• [Task prompt]: Nothing but an exact copy is wanted: the line with "Catrina Rubi Klappkarte - Yvoshandcraftworld" and each line after it in the data below, last line included.

[Records from a data collection]
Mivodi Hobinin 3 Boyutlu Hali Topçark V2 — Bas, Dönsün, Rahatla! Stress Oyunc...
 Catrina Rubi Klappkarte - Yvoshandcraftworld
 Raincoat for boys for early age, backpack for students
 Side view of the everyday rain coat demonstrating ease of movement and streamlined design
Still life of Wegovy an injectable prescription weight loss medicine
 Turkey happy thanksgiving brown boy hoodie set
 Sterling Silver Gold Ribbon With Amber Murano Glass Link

• [Solution for this task]:
 Catrina Rubi Klappkarte - Yvoshandcraftworld
 Raincoat for boys for early age, backpack for students
 Side view of the everyday rain coat demonstrating ease of movement and streamlined design
Still life of Wegovy an injectable prescription weight loss medicine
 Turkey happy thanksgiving brown boy hoodie set
 Sterling Silver Gold Ribbon With Amber Murano Glass Link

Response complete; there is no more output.